DIRECTIONS FOR THIS TASK.
Restate each line below word for word, skipping every picture.

DATASET EXCERPT.
----------------
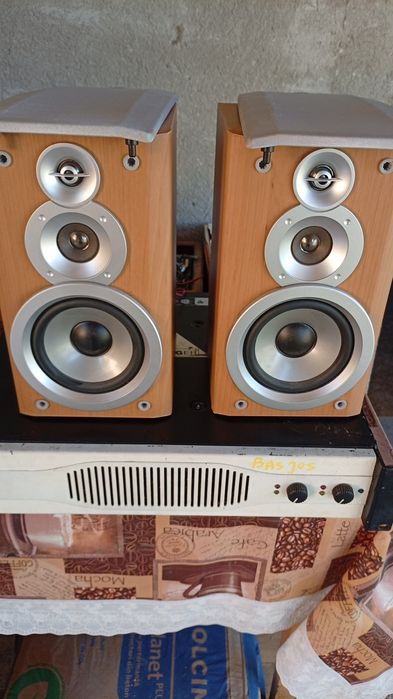 Vind boxe jvc 3 cai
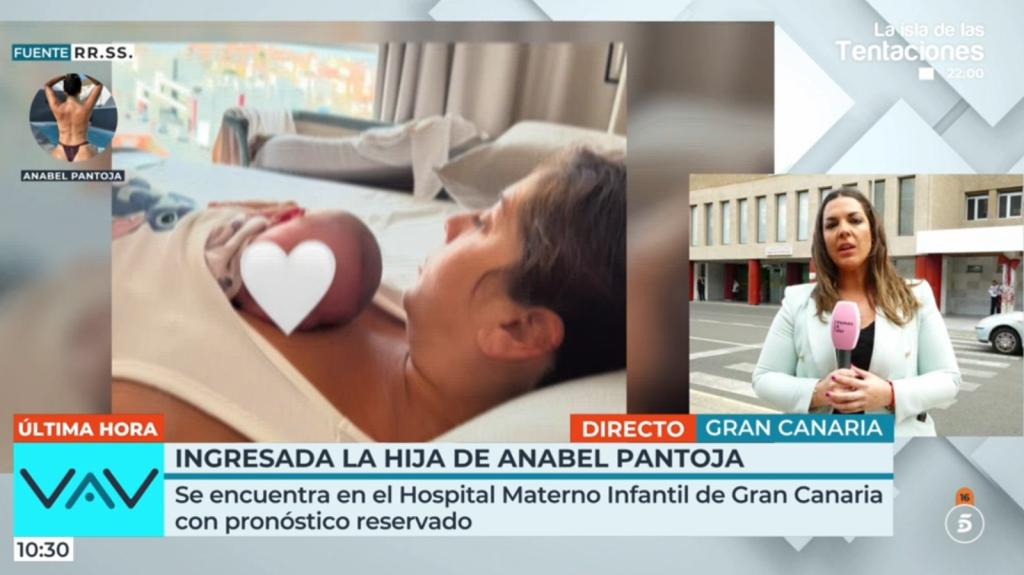 Anabel Pantoja holding her daughter Alma in the hospital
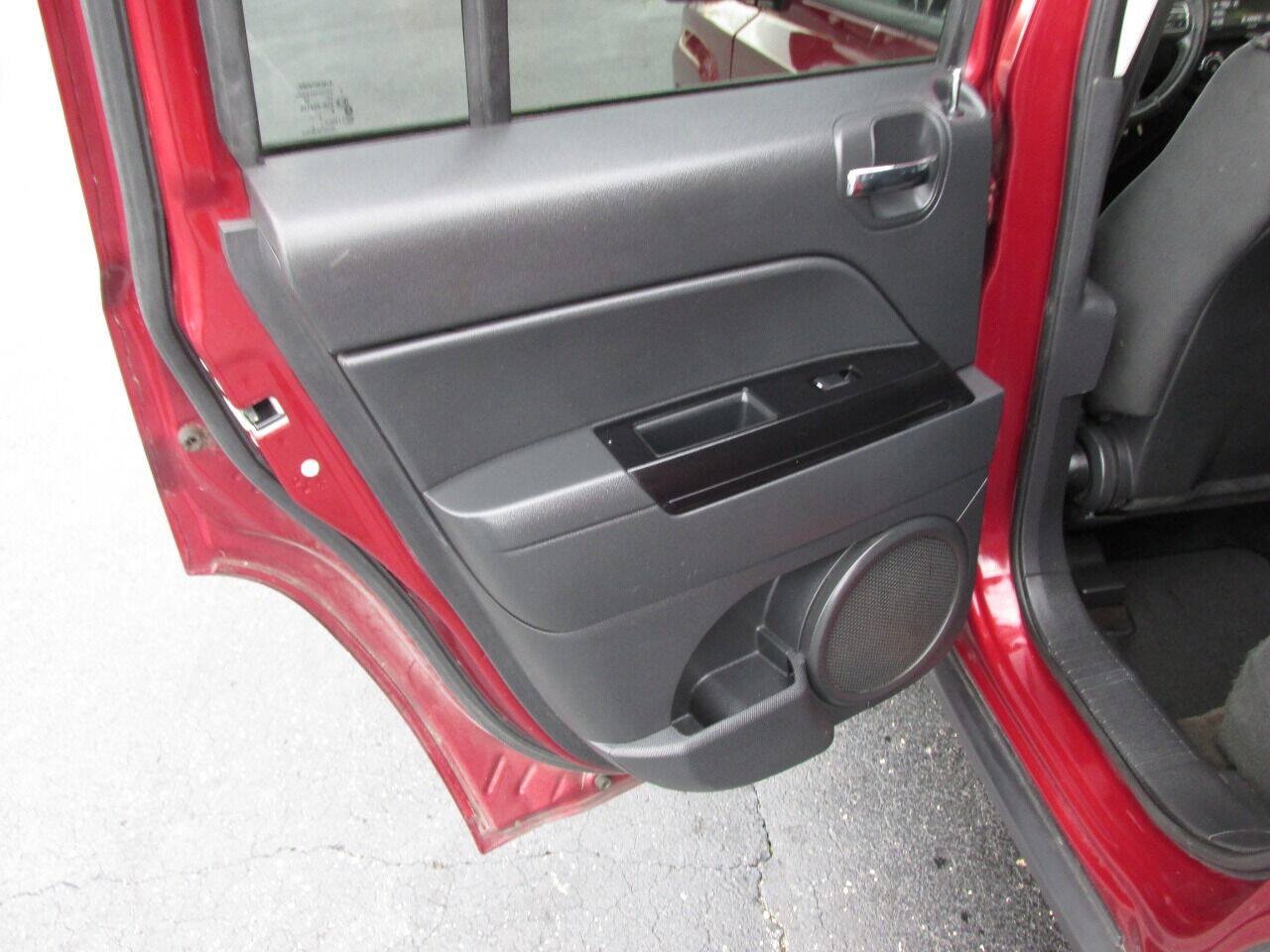 Used 2014 Jeep Patriot Latitude FWD image 19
----------------
OUTPUT FOR THIS TASK.
 Vind boxe jvc 3 cai
 Anabel Pantoja holding her daughter Alma in the hospital
 Used 2014 Jeep Patriot Latitude FWD image 19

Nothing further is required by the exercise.